Le Tribunal administratif du Québec vient de trancher le litige opposant une agence viticole montréalaise qui exploitait également une buvette à la Régie des alcools, des courses et des jeux du Québec (RACJ) : Boires perd définitivement son permis.
L’histoire a fait les manchettes l’année dernière parce que Québec, par l’intermédiaire de la RACJ, a remis en question une interprétation de ce nouveau modèle d’affaires de type marchand de vins qui s’est développé pendant la pandémie. En 2021, Boires a ouvert un petit établissement où l’on pouvait s’attabler pour prendre un café ou un verre de vin, avec une carte succincte, mais qui contenait des plateaux de charcuterie et autres snacks pour accompagner la boisson.
L’automne dernier, la RACJ lui a révoqué son permis de restaurant. Boires est une agence qui représente les vignerons, mais qui possédait également une succursale sur le boulevard Saint-Laurent à Montréal pour le service. Dans ce lieu dédié aux vins naturels, les amateurs pouvaient acheter des bouteilles à l’unité et même à la caisse à emporter, à condition d’acheter également des plats préparés sur place.

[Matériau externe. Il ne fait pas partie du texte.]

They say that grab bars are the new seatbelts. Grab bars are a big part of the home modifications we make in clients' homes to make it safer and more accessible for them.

La Régie a contesté le modèle économique de cet établissement, soulignant le fait que la vente d’alcool jouait un rôle prépondérant et celle de nourriture, un rôle supplémentaire – certains clients achetant un paquet de noix ou de pop-corn pour repartir avec plusieurs bouteilles.

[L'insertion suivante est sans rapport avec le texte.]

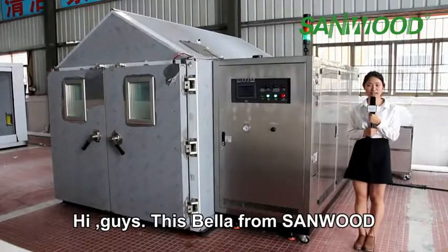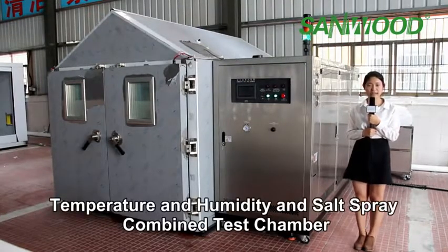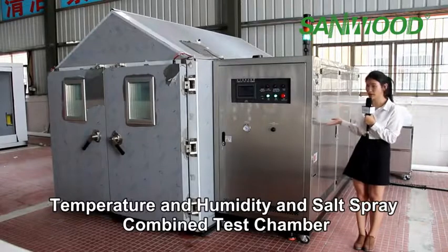Hi guys, this is Bella from Sunwood. Today I am going to introduce the temperature, humidity and salt spray combined test chamber.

Selon elle, cela n’est pas conforme au permis de restaurant. Environ 80 % du volume d’affaires de Boires provient de la vente d’alcool, a-t-on estimé au cours du processus.

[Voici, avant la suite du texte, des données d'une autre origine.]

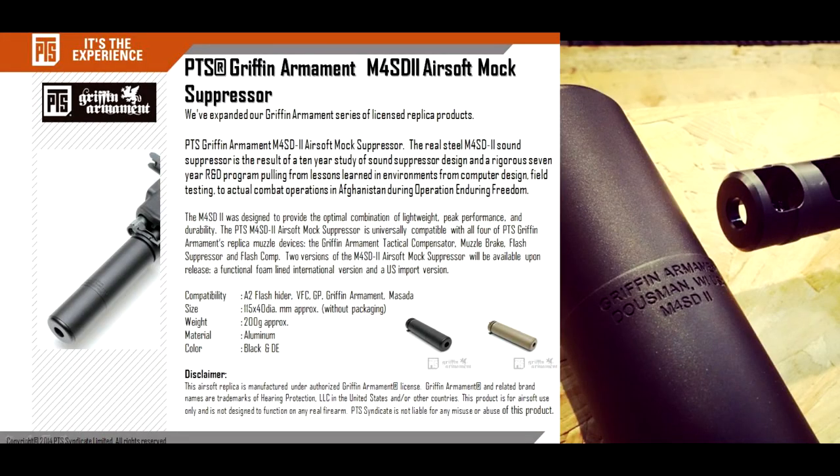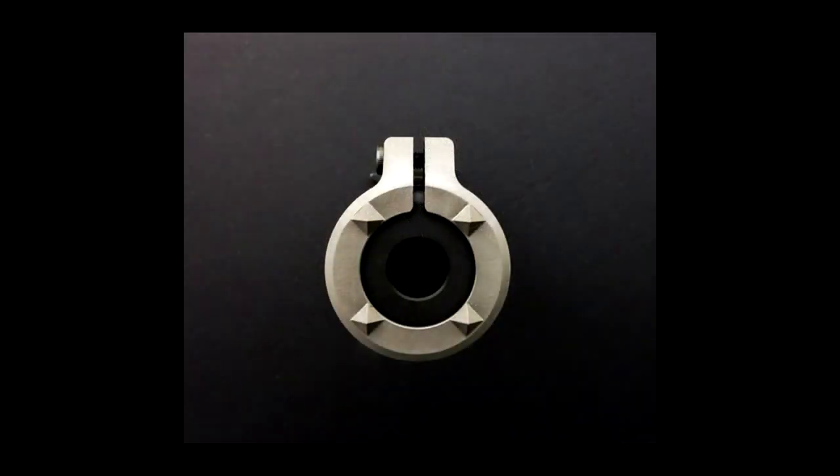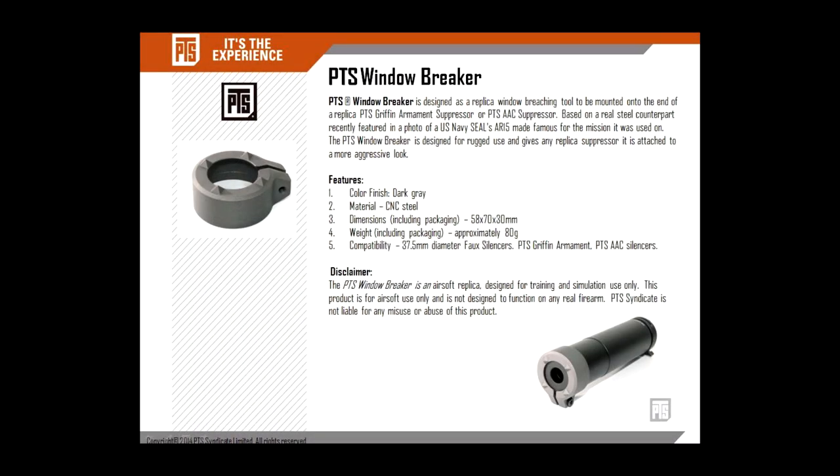Hey guys, this is Spartan117GW and I'm going to be doing a quick video on this bad boy. This is the Gryphon Armant Suppressor by PTS, for airsoft use only. It's designed to go on Gryphon Armant and certain standard A2 style flash hiders, but what's really cool and unique about this is that I actually have the tenderizer — the glass breaker, the DNA collector — whatever you want to call it.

S’ensuit une bataille menée par l’entrepreneur Charles Landreville, fondateur de l’agence Boires, qui souhaite notamment qu’on comprenne mieux son modèle d’affaires. L’établissement a également tenté de modifier l’obligation de consommer un « repas » par « nourriture » et pour le commerçant de pouvoir vendre des bouteilles de vin à emporter à un prix différent de ceux consommés sur place.
Dans cette lutte, Charles Landreville voulait essentiellement légitimer un nouveau type d’établissement centré sur le vin.
Restaurateur expérimenté et désormais vigneron, David McMillan s’est comporté en expert dans cette histoire, à la demande de Boires, afin de mieux définir la personnalité d’une buvette ou encore d’une « vinothèque », bref des établissements où le vin est le personnage principal. .
Selon David McMillan : « En matière de ventes, il est possible qu’un restaurant de vins vende plus de vin que de nourriture. Dans certains cas, l’offre de vins peut être plus prédominante que l’offre de restauration dans ce type de restaurant, en mettant l’accent sur l’expérience œnologique plutôt que sur la restauration traditionnelle », a déclaré M. McMillan qui a néanmoins admis lors de sa comparution devant les avocats que l’offre de Boires était « très basique ».
Dans sa décision initiale, la Régie a soutenu : l’activité principale de l’établissement n’est pas de préparer des aliments, son permis n’est donc pas conforme.
Lors d’une première visite de la Régie dans ce dossier, en novembre 2022, les inspecteurs ont constaté que la carte alimentaire proposait essentiellement du pop-corn et des cornichons. Une visite ultérieure a montré que l’offre s’était améliorée : amandes, chips, sandwichs, plateaux, conserves de fruits de mer, olives.
La Cour note dans le dossier qu’elle « ne comprend pas qu’un restaurant oenologique dont l’une des caractéristiques est l’accord mets et vins puisse véritablement exploiter un tel commerce entre 12 heures et 19 heures » et constate que le prix des vins au verre n’apparaît nulle part dans le menu.
Le propriétaire de Boires a vivement contesté cette décision et a récupéré son permis un mois plus tard, en attendant la décision du Tribunal administratif du Québec. C’est désormais chose faite : la Cour confirme la décision de la RACJ.